As for the part about whether piracy harms sales—that’s a bait and switch.  We make no claims about whether piracy harms sales, and we are not saying that piracy boosts sales.  We’re saying that many of the biggest music fans now want access to everything because that’s what digital technologies have enabled.  And many of them pursue this goal through a mix of legal and illegal strategies.

My view is that the debate about sales has begun to resemble one in which economists look for their house keys under the street lamp because that’s where the light is—while their homes are being foreclosed by the banks.  And in this version of the story, the RIAA and IFPI are in the business of pretending that the main problem is lost keys.

So, per Smith and Telang, it is true that most ‘substitution studies’ find that piracy substitutes for some portion of legitimate sales.  But I’m very skeptical that these studies tell us much of anything about the larger ecology of cultural consumption of which music is a part.  The problem, for recorded music sales, is not just that they ‘compete’ with piracy, but also with the vast array of other discretionary expenditures, forms of leisure, and alternative forms of legal music consumption that have emerged in the past decade.  So the goal isn’t to model the record label fantasy of a world without Napster (and its successors), but also a world with a boom in DVD sales, video game sales, and concert revenues that compete for discretionary income. A world in which the $15 album is has been replaced as the main unit of sale by the $1 song.  A world with the emergence of many adequate legal substitutes for buying songs, such as music streaming via YouTube or Pandora or industry-approved solutions like Spotify.  A world in which leisure time is routed through Facebook or Twitter–and in which those forms of community are built in part around the sharing of media. A world in which vastly increased access to old music and TV undercuts the value of the new.  A world with erratic enforcement practices.  And–finally–a world in which median incomes have stagnated while other media costs, such as cable TV, Internet access and phone data plans, have risen.   (On this last subject, Will Page is doing some pioneering and—so far—lonely work that puts substitution in its proper wider economic context.)

Content industry groups used to argue that a pirated song was directly equivalent to a lost sale.  This ran counter to common sense so researchers began to develop substitution studies that tested that assumption.  Results varied.  For music, they said: maybe the acquisition of a pirated song displaces 6% of a sale, or 20%, or 30%.   A few said sampling or discovery effects outweighed substitution effects.  It took a while for this perspective to penetrate the industry groups.  But over the last few years, they’ve made peace with substitution studies because (1) they’ve been pushed to engage with credible research and (2) at least those studies keep the focus on piracy vs. sales.

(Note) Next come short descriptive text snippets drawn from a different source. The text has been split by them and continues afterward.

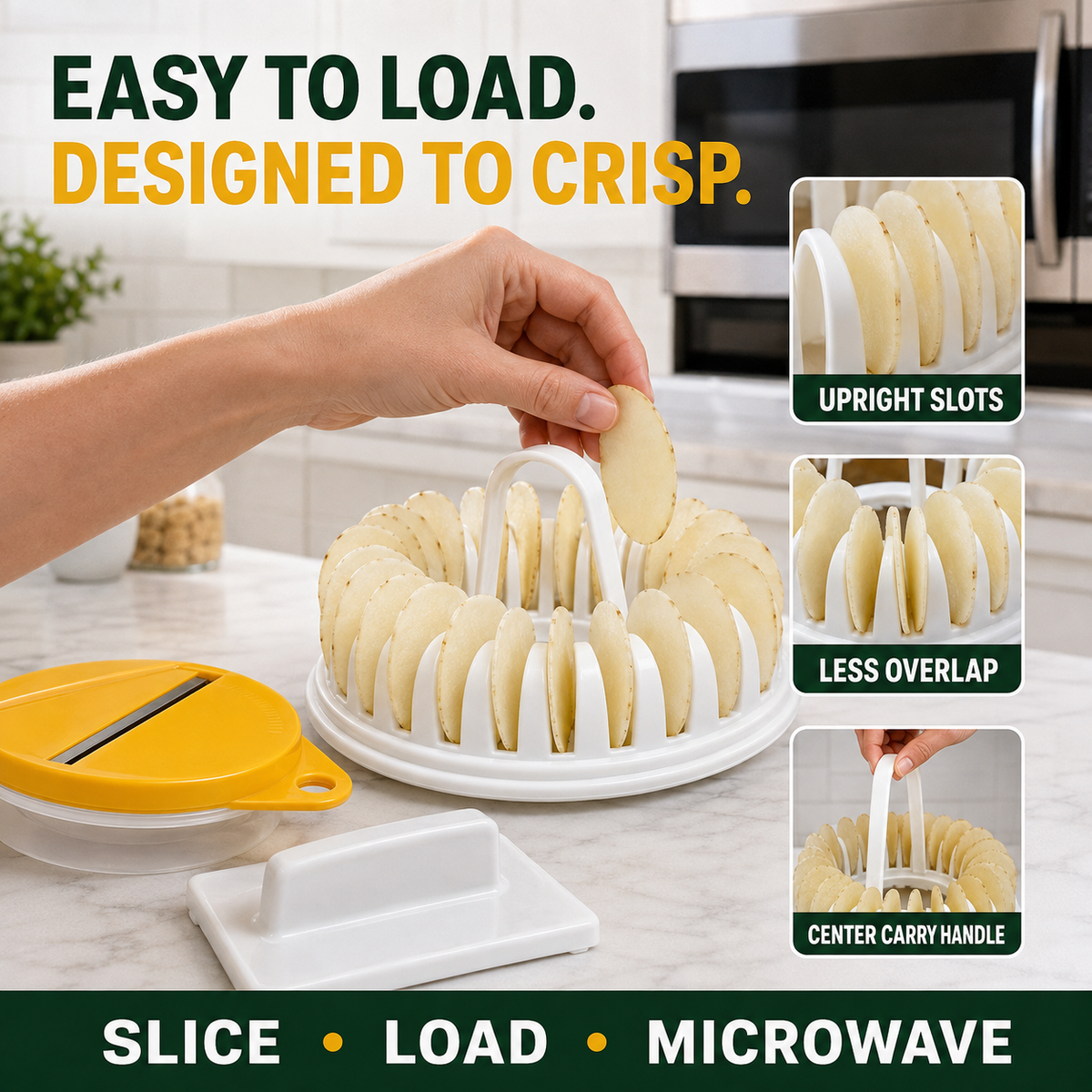 🥳HOT SALE🥳💞49K+ SOLD! Chip Maker – From £9.99! Oil-free, crispy & food-grade. Healthy snacking – grab yours! ✅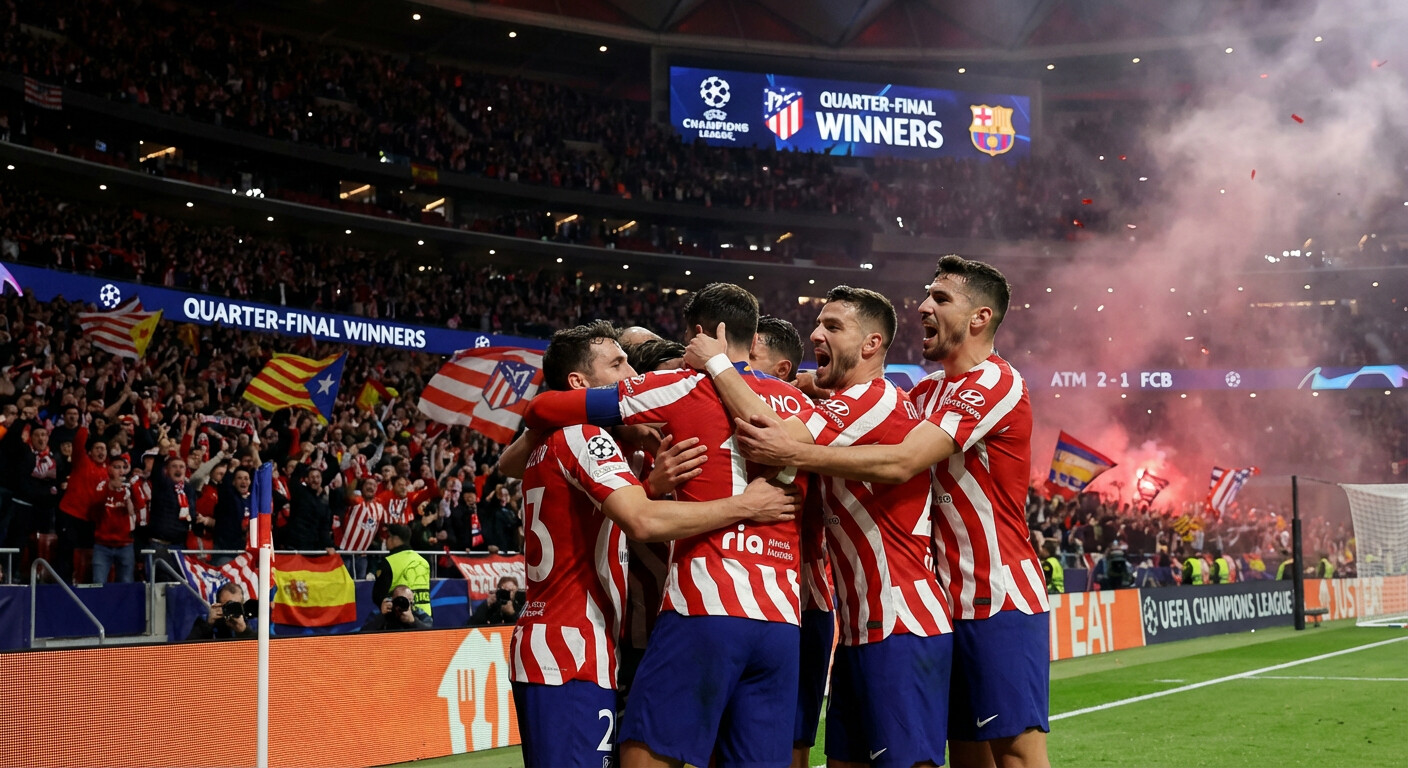 Atletico Madrid Reach First Champions League Semi-Final in Nine Years After Surviving Barcelona Comeback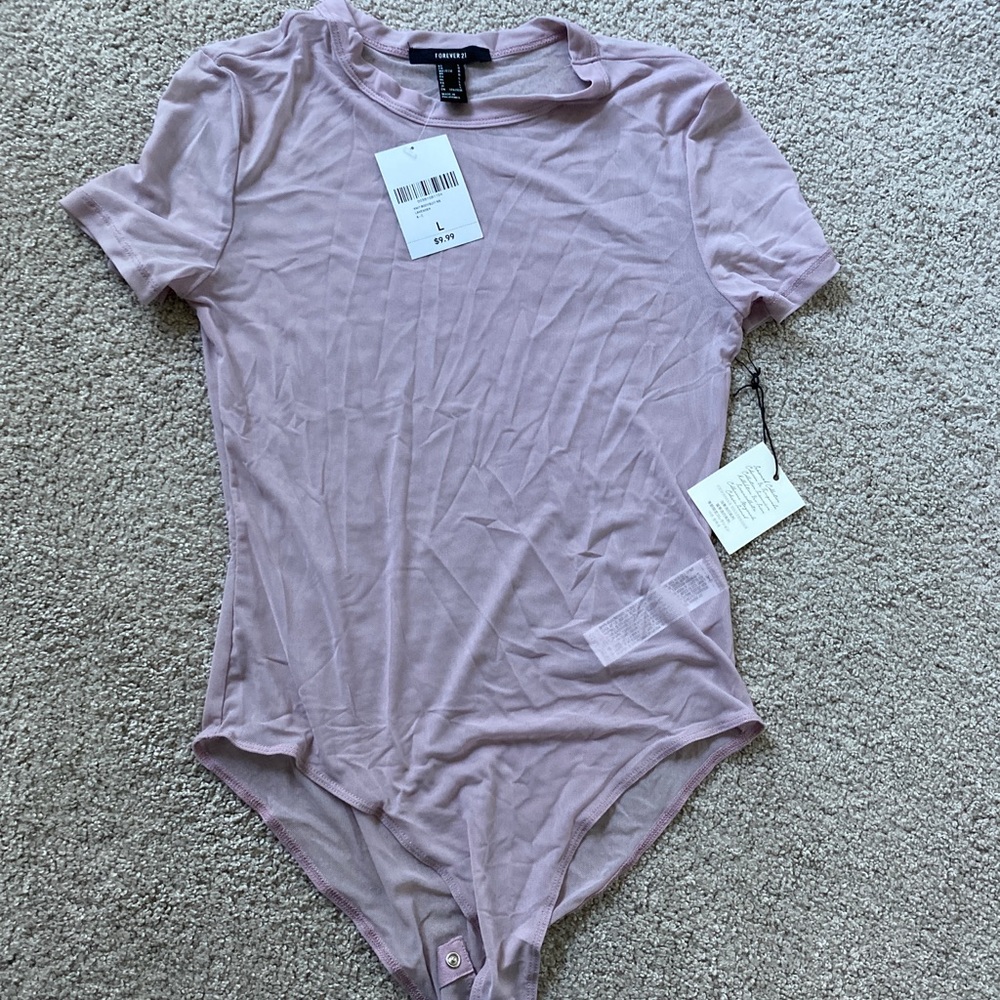 forever 21 shear body suit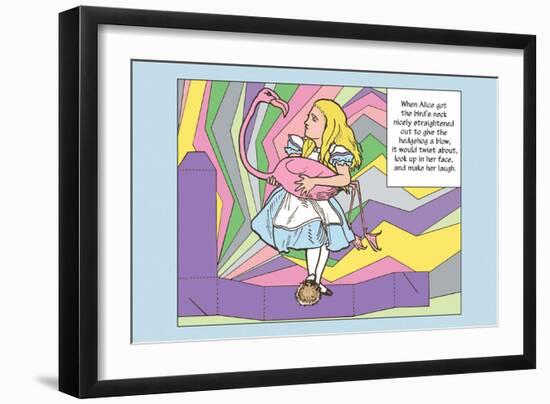 Alice in Wonderland: Alice and the Bird-John Tenniel-Framed Art Print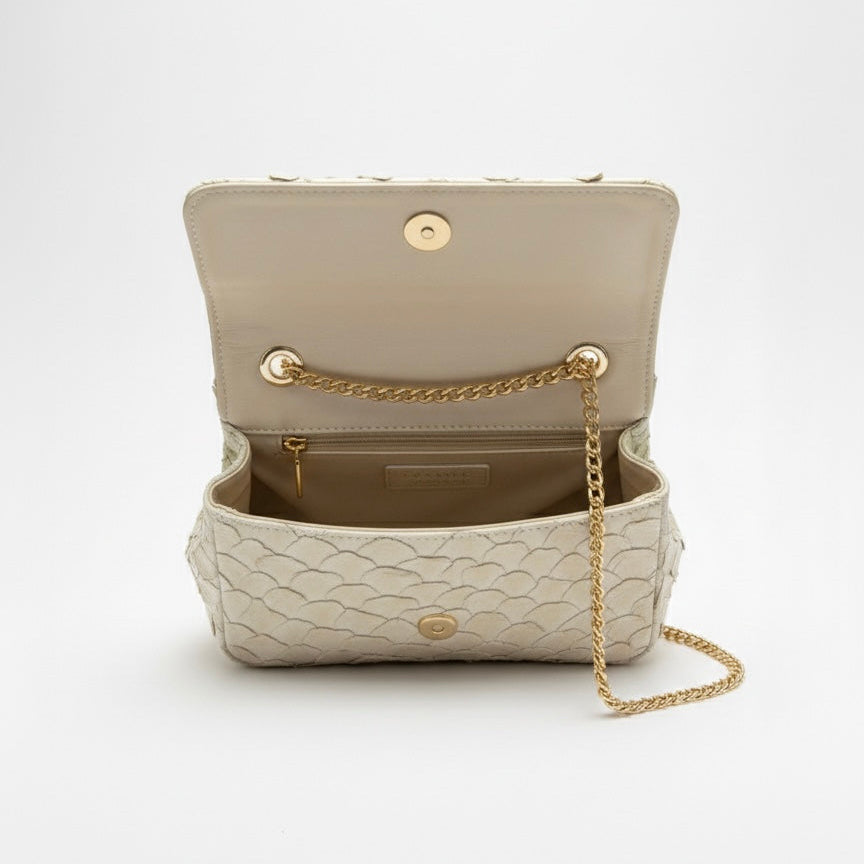 Aurora – Pearl Limited Edition Pirarucu Chain Bag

But the wider cultural ecology is very different than a decade ago, and the forms of competition for music purchases are more numerous and compelling.  Piracy is part of this but only a part—and so far, in my view, impossible to isolate.  Our data suggests that the issue isn’t whether someone will stop buying music altogether but whether, in this competition for time, attention, and resources, the practice of purchasing recorded music can command the same share.  If we follow the industry in taking peak CD sales as the benchmark, the answer is no.